For those freshman who were too busy BROC-ing out to celebrate diversity, the following is an excerpt from NSO’s FACES Program.

When I first came to Stanford, I could tell I was different. Everyone around me had their sleek, off-chrome laptops, uniformly covered in stickers to express their individuality. And in my backpack, I had a large, brick-like behemoth of a computer.

But it wasn’t just the external differences that set us apart. We were different on the inside too. You soon realize that if you don’t already have UNIX underpinnings, you’re never going to get them. While everyone else passed each other files and programs, I had to download them from a server. When everyone else had Garageband, I had to use Windows Media Player. At the end of the day, they were Mac people, and I just wasn’t.

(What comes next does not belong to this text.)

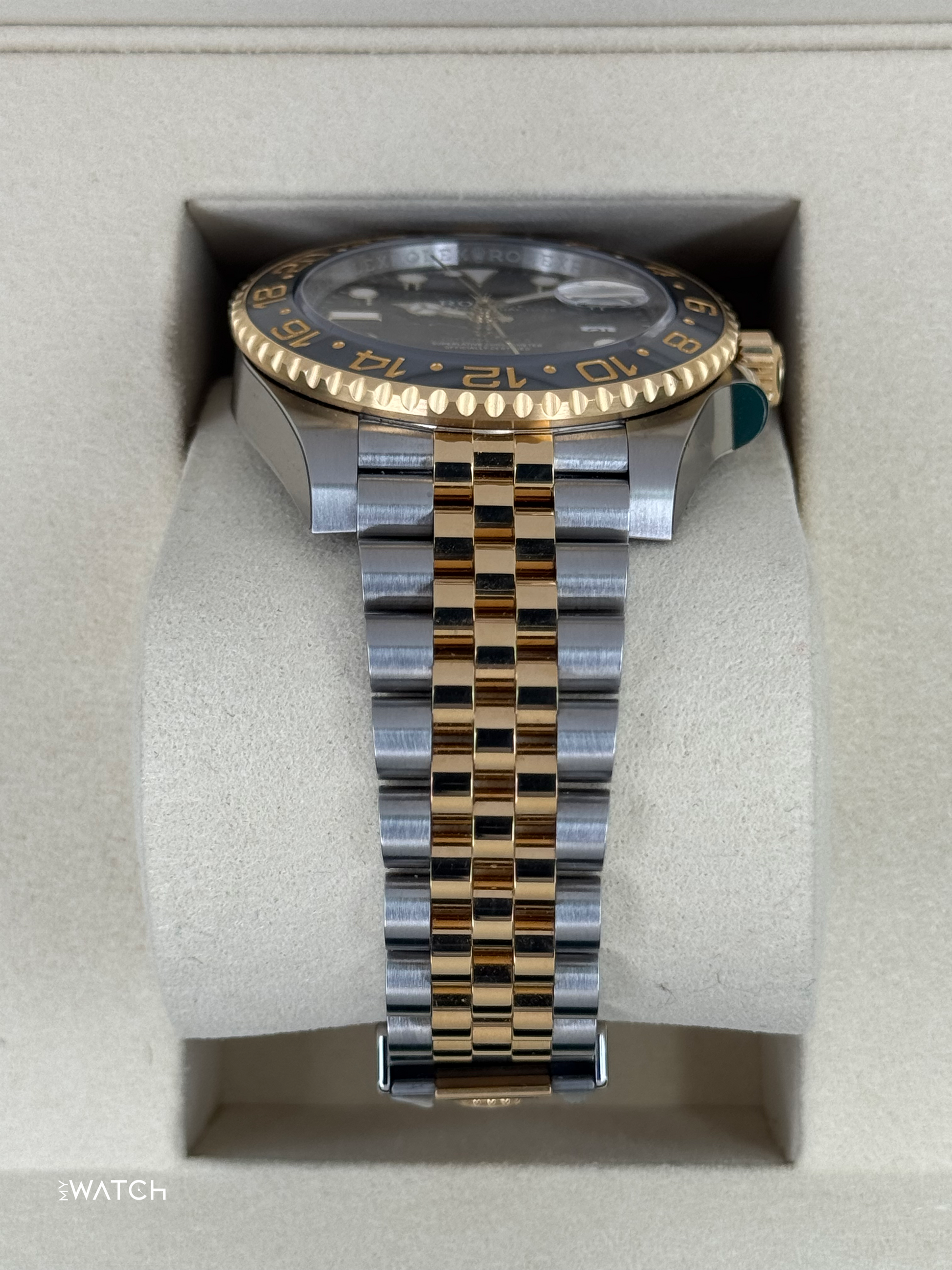 NEW 2025 Rolex GMT-Master II 40mm 126713GRNR Two-Tone Jubilee (STICKERED) - MyWatchLLC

At first I just thought it was unfair. I didn’t choose to buy a Lenovo. My parents gave it to me this way as a graduation present. We had been a PC family for as long as I could remember, and no one judged us for it back home in Seattle, where you could go days without seeing a Mac person.

Then I started to hate myself for it. My classmates were right: my computer was ugly and not user-friendly. I stopped backing up my hard-drive, I started downloading from sketchier and sketchier websites. I was out of control. And then I realized something. I was not a Mac person. Nothing could change that. But I had a voice, a voice that traced its legacy all the way back to Microsoft SAM. I am a PC person, and no one can take that from me.

Though actually, if someone steals my laptop I can probably convince my parents to get me a Macbook Pro, so if someone takes it from me, I really wouldn’t even be that mad.